Genç bir kızken Tanrı'nın Sözünün Tanrı'nın İradesi olduğunu ve Tanrı'nın Sözünü yerine getirmeye sadık olduğunu öğrendim. Sözü incelediğimde ve çocukken büyümeye başladığımda, Tanrı'nın dünyanın temellerinden önce sakladığı en büyük armağanlardan ve sırlardan birini aldığımı öğrendim, çünkü tekrar doğduk. Dokuz tezahürü işletebiliriz. Tanrı'nın Sözü'nde vaat ettiği tüm şeyleri bizim için kullanılabilir hale getirdik.
Sözü ve hayatımda nasıl çalıştırılacağını ve insanları kutsamak ve Tanrı'ya hizmet etmek isteyen kişi olmak isteyen bir mümin olarak öğrenmeye devam ederken, Birinci Yüzyıl Kilisesi'nin kendilerinin kaybettiklerini öğrendim öğretilmiş ve kaybettikleri şeylerden biri de umudun ışığıydı. Ayrıca, bunun kurtarılacak son şey olacağı öğretildi.
Bu yüzden sizi teşvik etmek istiyorum ve her gün O'nun Sözüne sadık kaldığımız için Mesih'in yaşamlarımıza dönüş umudunu yenilediğimizi bildirmek istiyorum. Hayattaki cevaplar için O'na bakarız ve birbirimize hayatımızda Tanrı'nın Sözünü yapmaya, neşeli, mutlu ve heyecanlı olmaya meydan okuyup teşvik ediyoruz, çünkü şanlı bir hayat yaşıyoruz.
Geçmişte yaşamıyoruz, gelecekte yaşamıyoruz, o anda öğretildiği gibi yaşıyoruz. Tanrı bize günün 24 saati verdi. Artık dün sorumlu değiliz ve yarından sorumlu değiliz. Bu 24 saatlik dönemde oğulları ve kızları olarak yaşamaktan sorumluyuz.
Şimdi bunun bir sır olduğu, kimsenin zamanın ne zaman geleceğini bilmediği söylendi. Bugün mü, şu an mı yoksa yarın mı yoksa 400 yıl sonra mı olacağını bilmiyoruz. Ne zaman gelirse gelsin, bunun bir parçası olacağım. Böylece, bir araya gelmenin ve Mesih'teki kardeşlerimizle birlikte sonsuza dek yaşamanın bir parçası olacağımızın güvencesine sahibiz.
İbranilere 10: 23-25 bakarsanız, “İnancımızın mesleğini titremeden hızlıca tutalım” der. Tereddüt etmeyin, Fro'ya boşa gitmezsiniz. Kelimeyi biliyorsun, kelimeyi yapıyorsun. Titreşmiyoruz.
“Çünkü O sadıktır, bu söz vermiştir.” Kim? Tanrı öyle. Söz vermişti, Onun Sözü'nün sadık olduğunu biliyoruz çünkü bu gün ve zamanda Tanrı'nın Sözü bize.

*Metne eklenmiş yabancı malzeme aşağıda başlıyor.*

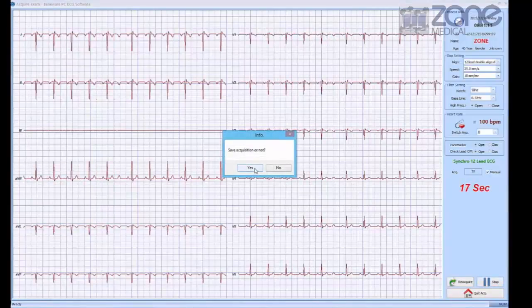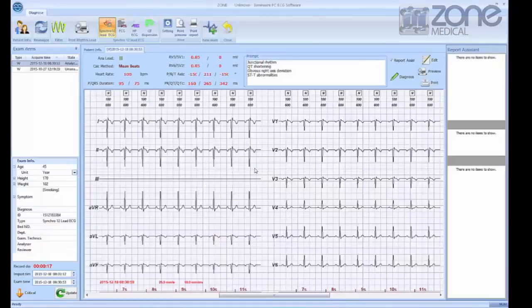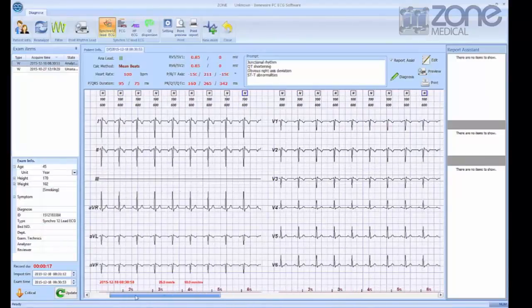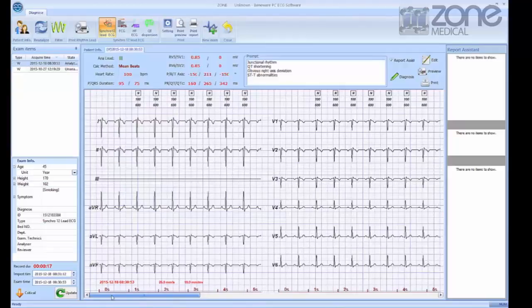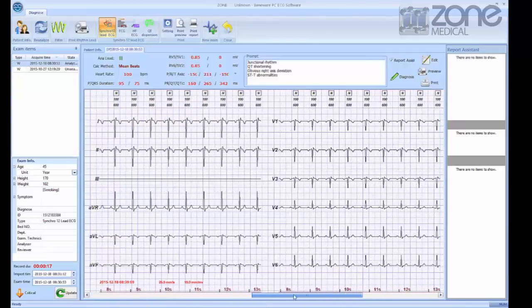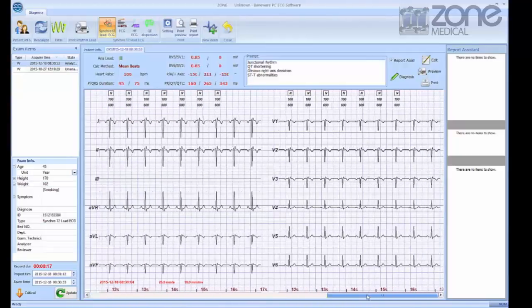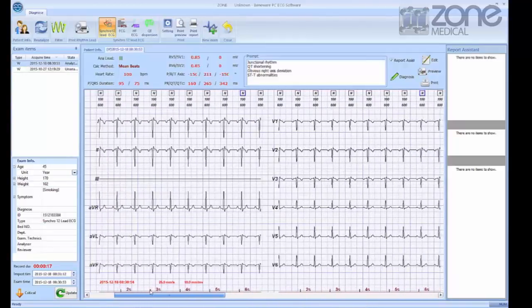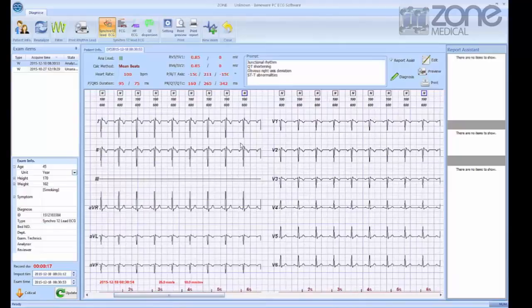You're then taken straight to the results page. In the results, you can see the whole recorded time of the ECG screening and scroll through these. The results will help you acquire a general diagnosis for your patient.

“Ve birbirimizi sevgiye ve iyi işlere teşvik etmek için ele alalım.” Bu şekilde birbirimizle çalışıyoruz. Bu şekilde müminler arasında sevgiyle çalışmaya ve onları iyi işlere teşvik etmeye çalıştım. Şimdi, provoke “Hadi, yap, oraya gir ve yap” gibi değil. Provoke, “Tamam, ne yapmamız gerekiyor, bunu nasıl yapabiliriz, sana ulaşmana ne yardım edebilirim? bu durumun üstesinden gelmenize yardımcı olmak, çok uzun süredir inanan olmanıza yardımcı olmak için? ”
Sonra der ki, “Bazılarının olduğu gibi kendimizi bir araya getirmeyi terk etmemek.” Bu biz değiliz. Birlikte olmayı ve bir araya gelmeyi çok seviyoruz, “ama birbirimizden ve daha fazlasından nefret ediyoruz”. Tıpkı oh evet gibi bir araya geliyoruz, ”gibi,“ Tamam, bir araya gelip bir araya gelip Söz'ü duyup Sözü inceledik ve birbirimizle bu aşk bağlantısına sahibiz.

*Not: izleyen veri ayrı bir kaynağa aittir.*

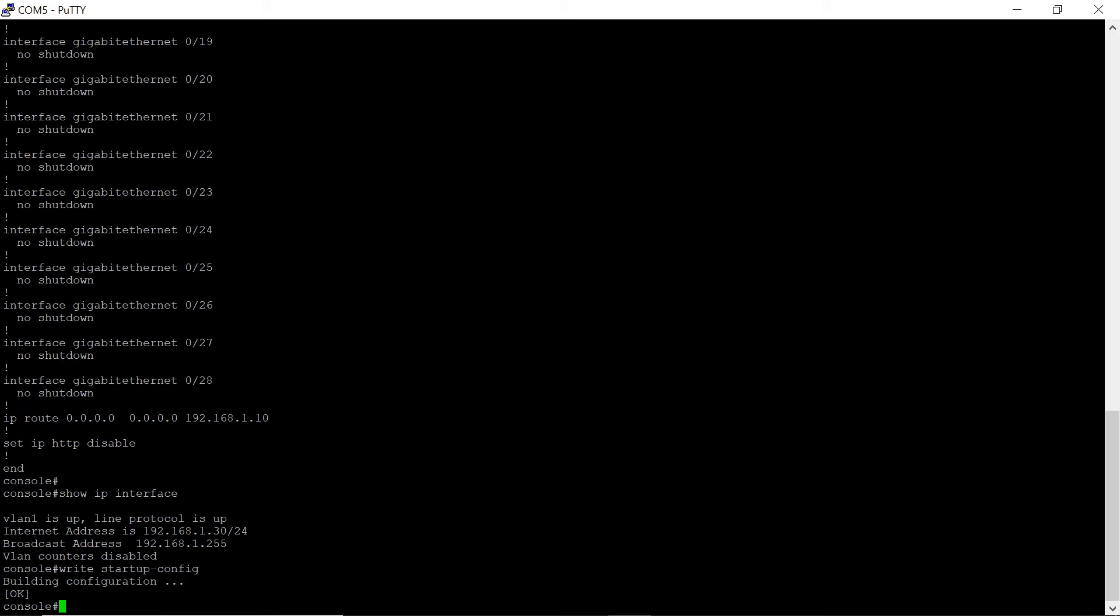You can also save the configuration to the remote TFTP server. To do this, use the copy command. To save the running config to the TFTP server, enter the command copy running config.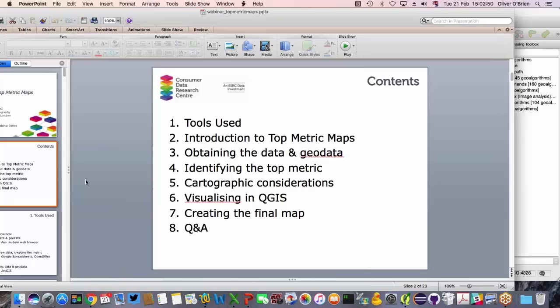I'm going to discuss cartographic considerations — things we need to think about when producing a map that is fair, accurate, and represents the data appropriately. I'll then use QGIS to visualise the data and create a final map, and then as Margarita mentioned we'll have a Q&A at the end of this session.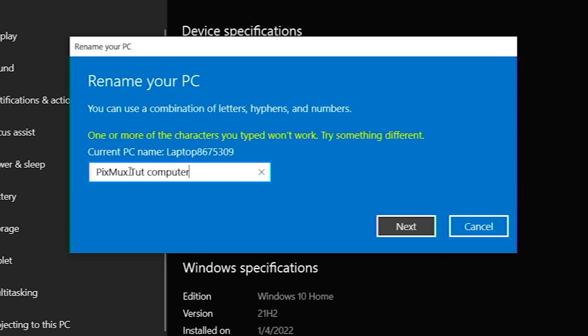So as you can see, you can't have spaces in there, which is fine with me. I'm going to use CamelCase.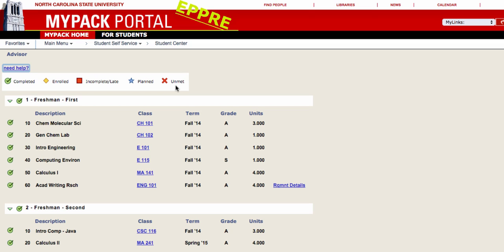Your requirements will typically begin as unmet unless you have brought in prior course credits when you enrolled in NC State. When you add courses to your PAC Planner, the requirements that those courses fulfill will be marked as planned and the courses will be listed in the Degree Audit.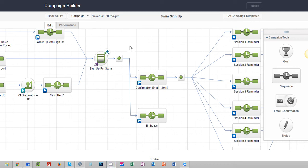In this video I'm going to show you how to find the open rate of any email sent from the campaign builder.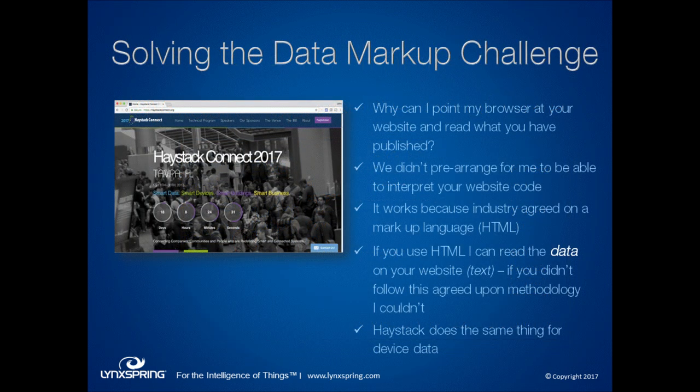Let me bring back the markup language analogy. We all work with a markup language every day. I can point my browser at your website and read what you've written there — you and I didn't have to pre-decide anything or coordinate because the world agreed on a markup language. Your website shows text, but there's a markup language called HTML — Hypertext Markup Language — that you use when you build a website to mark up the text: this is a header, this is a footer, this is bold. So if you use HTML, I'll be able to read the data. Haystack does the exact same thing for device data — a markup language for device data.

“Ve o gün ya da gün yaklaşırken gördüğünüz kadar çok.” Her zaman aklımızda, gün yaklaşıyor ve sabah kalktığınız ve söylediğiniz bir mantra değil, ”Tamam, gün geliyor, gün geliyor. “Hayatta yeniden inananlar olarak, o günün yaklaştığını ve ne kadar harika bir zaman olacağını biliyoruz. Dediğim gibi, ister hayatta ister olmama, gelecektir, çünkü Tanrı Sözü'nde vaat etti.